- **Information given**
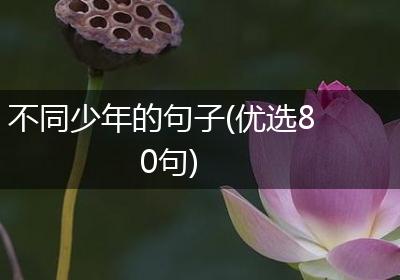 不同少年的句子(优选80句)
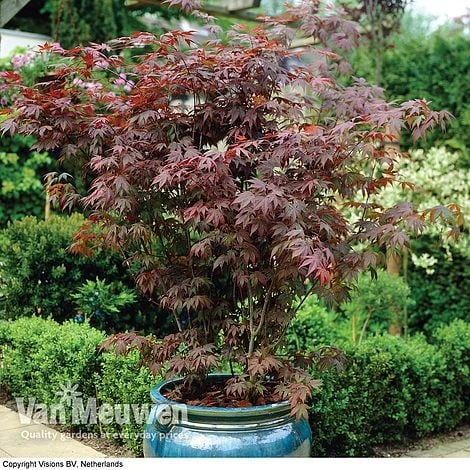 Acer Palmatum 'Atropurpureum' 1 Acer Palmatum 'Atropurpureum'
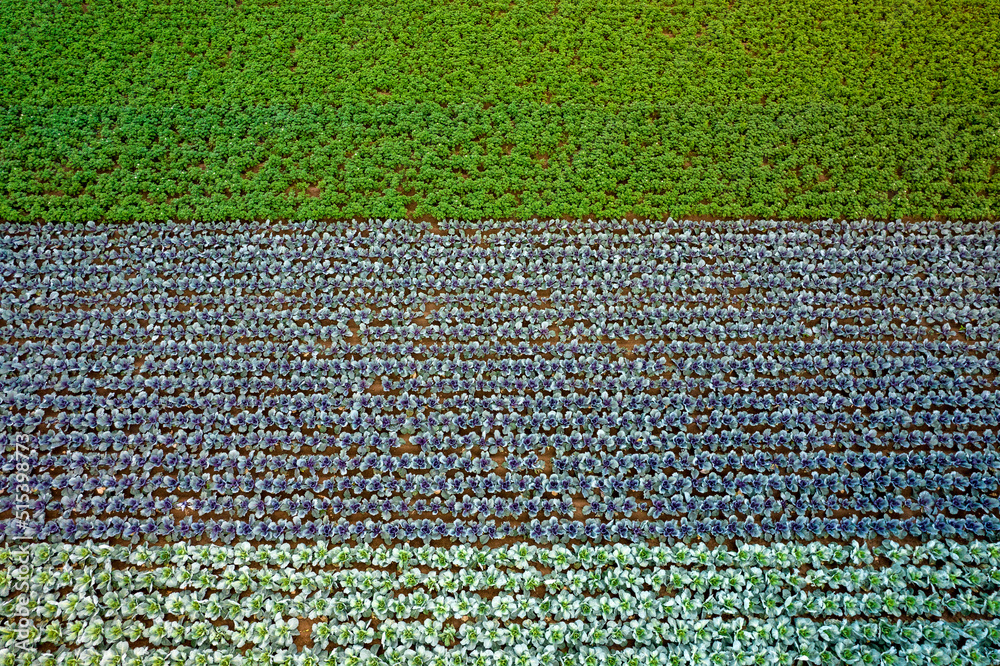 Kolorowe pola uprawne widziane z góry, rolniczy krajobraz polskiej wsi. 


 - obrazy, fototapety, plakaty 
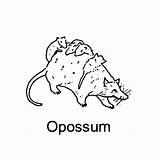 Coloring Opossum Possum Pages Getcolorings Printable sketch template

--

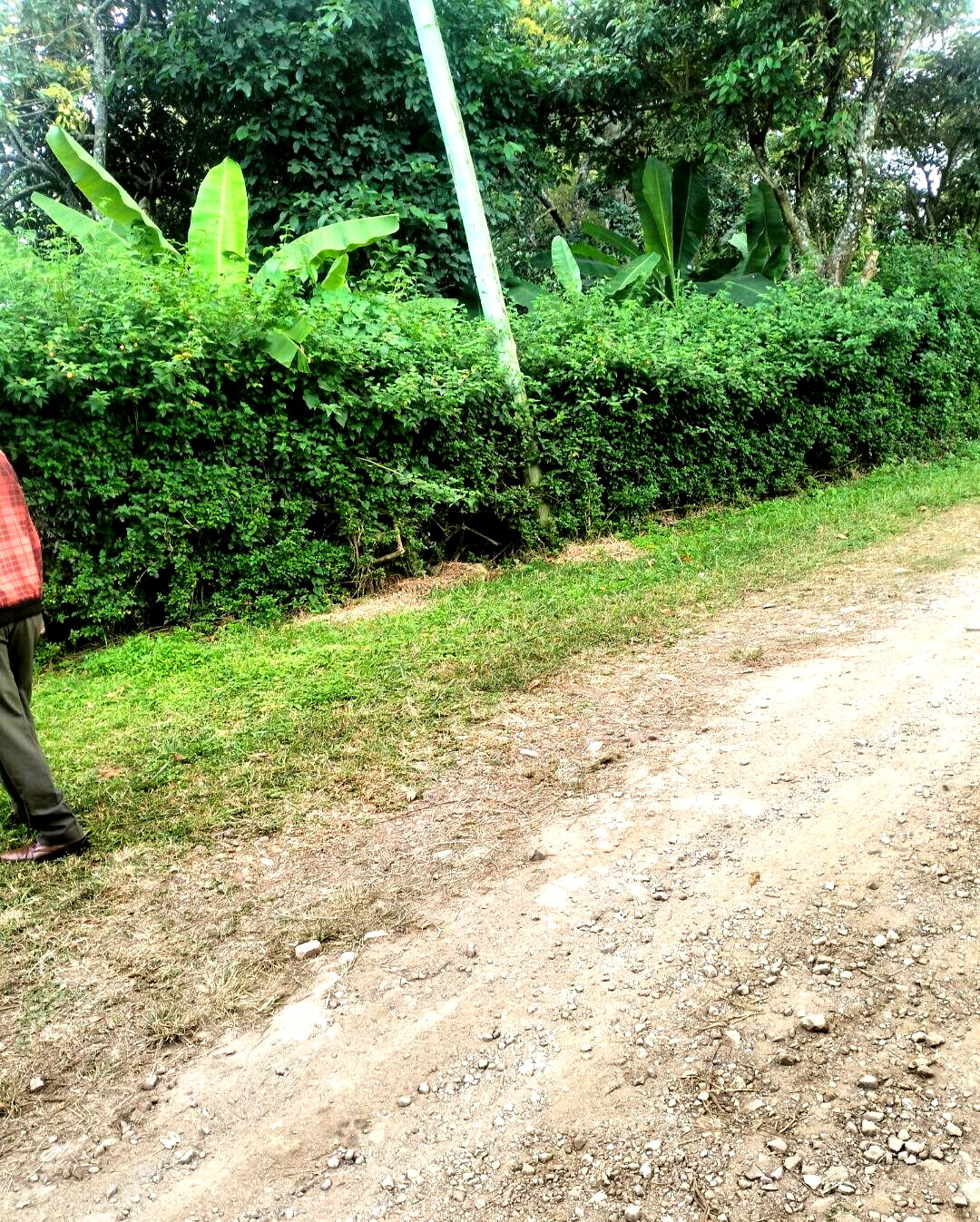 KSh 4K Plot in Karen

- **Your assignment**
What to print is the stretch of entries from the line with "不同少年的句子(优选80句)" up to and including the line with "Coloring Opossum Possum". Please print it exactly and leave out the pictures.

- **Completed task**
 不同少年的句子(优选80句)
 Acer Palmatum 'Atropurpureum' 1 Acer Palmatum 'Atropurpureum'
 Kolorowe pola uprawne widziane z góry, rolniczy krajobraz polskiej wsi. 


 - obrazy, fototapety, plakaty 
 Coloring Opossum Possum Pages Getcolorings Printable sketch template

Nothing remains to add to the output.